Hunching down in the seat, he used the large rearview mirrors on both sides of the van to scan the building behind him. It looked like the blinds were closed on virtually all of the windows on this side of the building, shielding the offices against the glare and the heat of the midmorning sun.
Patience is a virtue, McClain thought, smiling to himself.
He cranked down the windows on the driver’s and passenger’s doors in the hope of getting some air to circulate through the van while he waited. Then he slipped on a lightweight blue nylon jacket and retrieved the Baby Glock from its hidey-hole under the dash. He checked the gun and slipped it into the pocket of the jacket. He then adjusted the rearview mirror on the driver’s side so that it was focused on the door leading out of the building, and settled in to wait.

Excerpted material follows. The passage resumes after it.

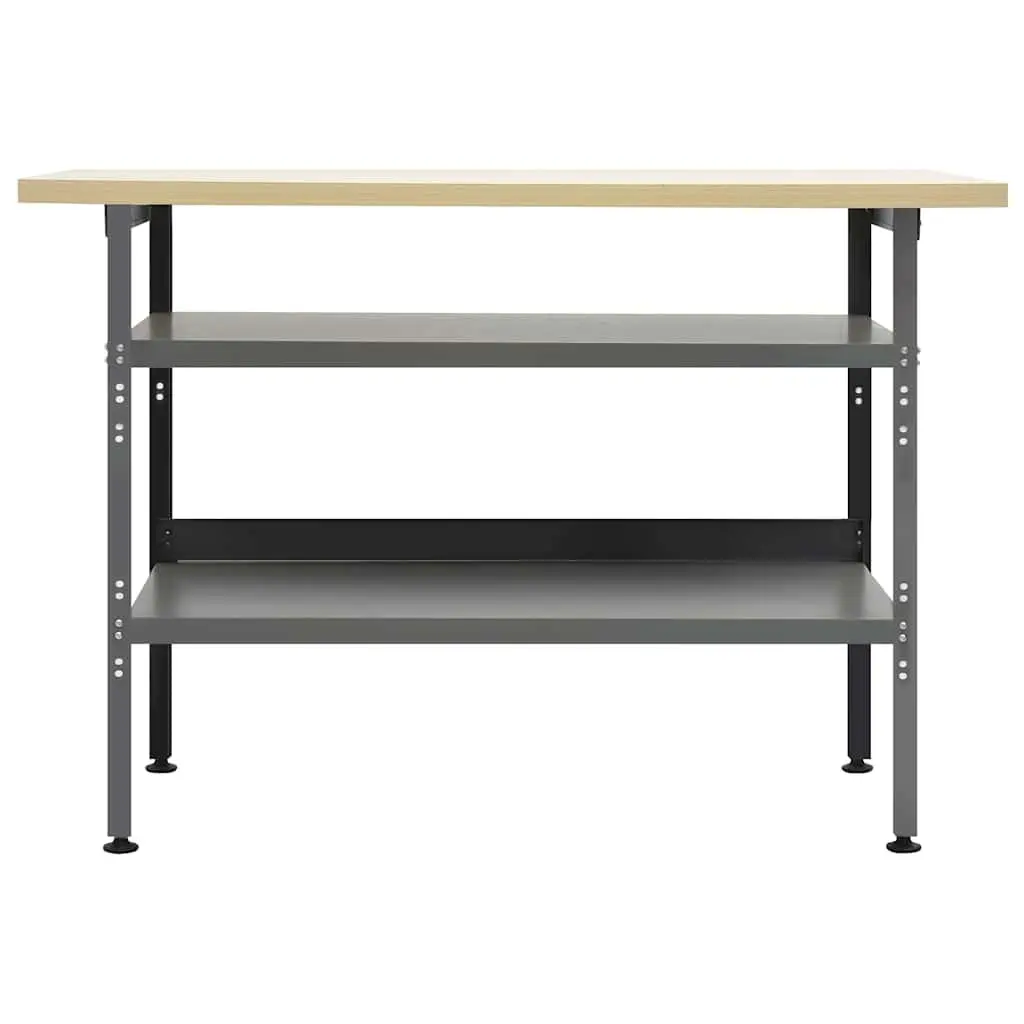Heavy-Duty Workbench Grey 120x60x85cm Steel Storage Shelves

Over the next hour, five more cars parked in the rear lot and their occupants disappeared into the building. Finally, the door to the building opened and McClain watched Beckman come out and make his wa
y slowly in the direction of the Buick. McClain waited until the old man was about twenty feet away, then opened the door and got out of the van.
He walked around behind the van, letting Beckman squeeze in between the van and the driver’s side of the Buick. Once the judge was effectively corralled there, McClain slipped in behind him and said, “Excuse me, sir?”
The old man turned back to look at him. McClain slipped the Glock out of his jacket pocket, holding it low so that no one but the two of them could see it. The judge’s eyes widened and in a quiet voice, McClain said, “Don’t do anything stupid, buddy. Just do exactly what I tell you to do, and you’ll be home safe and sound in time for lunch.”
Beckman reached toward his hip pocket, apparently going for his wallet. “I’m sorry. I only have a few dollars on me,” he said in a frightened voice.
“Don’t worry about that for now,” McClain responded.
With his left hand, McClain reached out and slid back the side door of the van. Gesturing with the pistol, he said, “Get in.”
The old man, clearly confused, took a tentative step in the direction of the van, then paused, apparently pondering the high step up into the vehicle.
“That’s right, sir,” McClain said, patiently.
He transferred the gun to his left hand. With his right hand, he reached out, took the judge’s elbow, and guided him into the van. “Up we go, Your Honor.”
As the judge disappeared into the van, McClain took a quick look around and saw no one else in the parking lot. He scanned the windows in the building behind him, but the blinds in virtually all of the windows remained closed, and he saw no one looking out. He stepped up into the van behind Beckman and slid the door shut.